Liberia's 22 presidential candidates are due to attend a peace concert in the capital, Monrovia, on Wednesday.
Ellen Johnson Sirleaf is campaigning on the basis of political experience
The candidates are expected to pledge to conduct non-violent campaigns in the 11 October elections - the first since the end of a 14-year civil war.
Leading artists from Sierra Leone, Nigeria and Ghana will participate in the UN-organised concert.
Ex-footballer George Weah and economist Ellen Johnson Sirleaf are among the favourites to be the next president.
Their rallies have been attracting enthusiastic crowds.
Ms Sirleaf, a former World Bank economist, told the BBC she believes that a candidate's experience is crucial if the fortunes of one of the world's poorest countries are to be turned around.
"Mr Weah has a lot of popularity among young people, and I think the stardom attracts them and there's nothing wrong with that," she said.
"But I think when the voters get into that poll, they have to vote for someone who they know can manage the affairs and someone who understands the issues, someone who has the experience, because they've done it before."

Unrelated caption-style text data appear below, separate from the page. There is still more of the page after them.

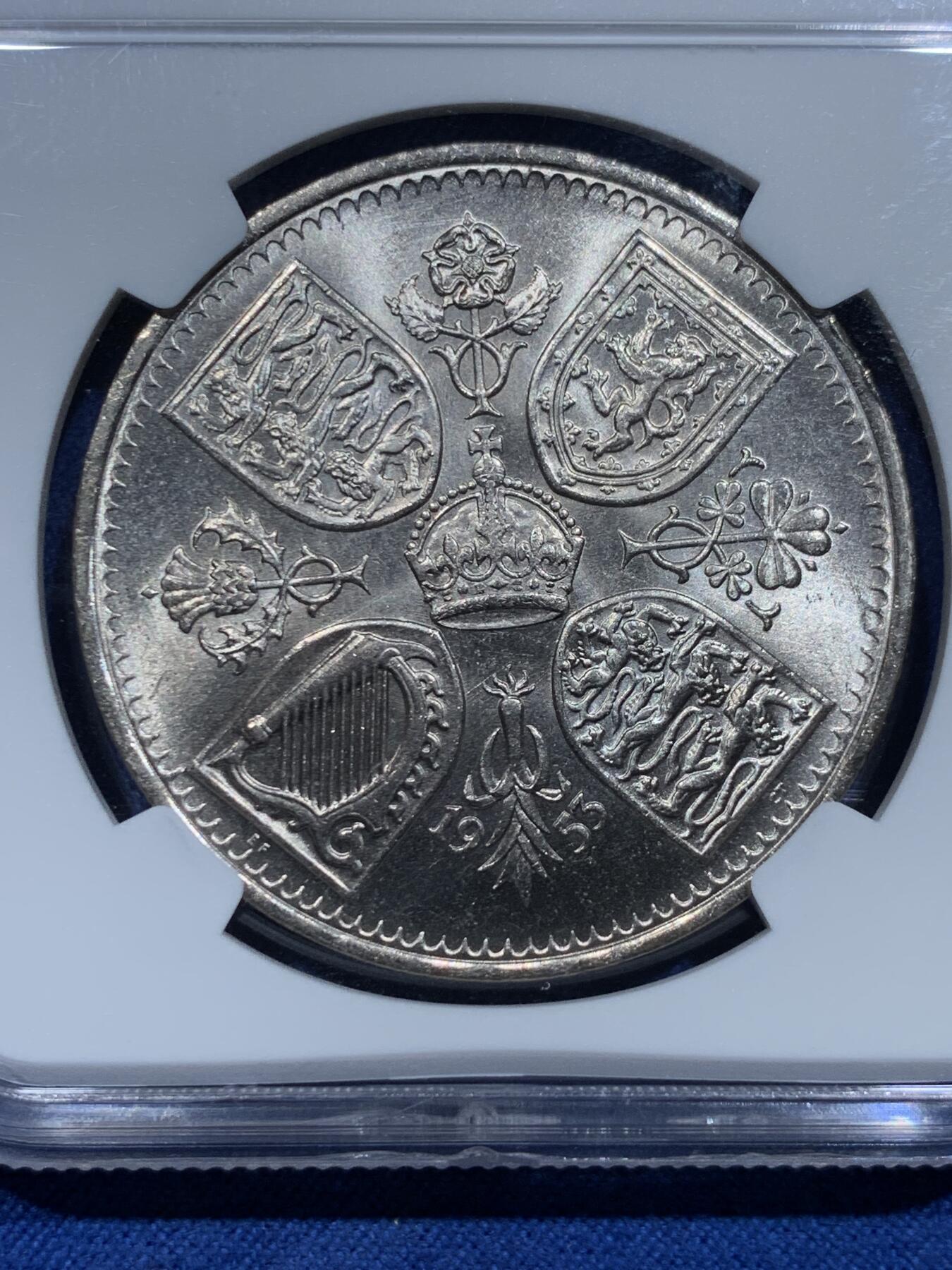 《竞宝斋》第356场 周日，周一  2场连拍 （全场包邮） NGC MS64 英国1953年伊丽莎白二世女王登基克朗纪念币 转光强烈，打制深峻，状态极佳。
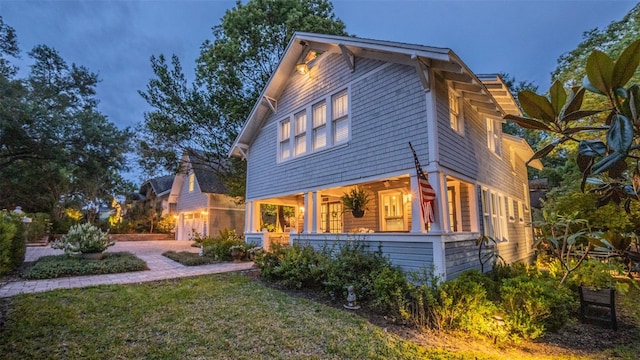 908 N Tremain St, Mount Dora, FL 32757 - view of front of home with a front yard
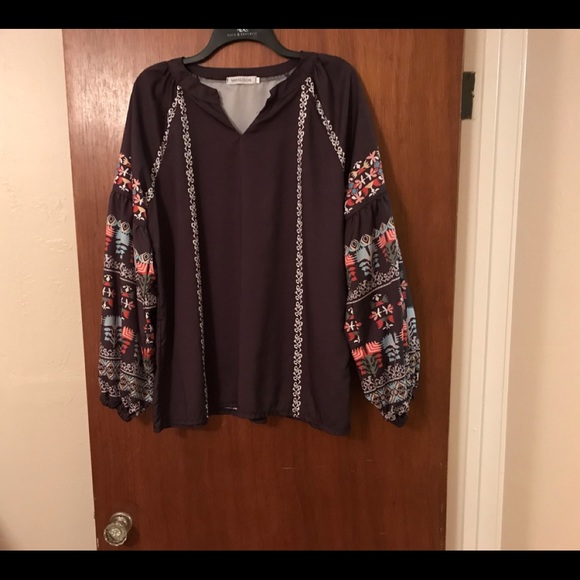 Woman’s XL Blouse. - Picture 1 of 3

Mr Weah has been campaigning on the basis that his lack of education and political experience is an advantage, because the established politicians have failed his people for decades.
The former AC Milan and Chelsea star said that if elected he would like the UN Mission in Liberia (Unmil) to remain for the whole of his first term.
Unmil, with 15,000 peacekeepers, is the UN's most expensive operation, costing $750m a year.
A transitional government led by President Gyude Bryant - who is not standing in next month's poll - came to power under a peace deal in October 2003.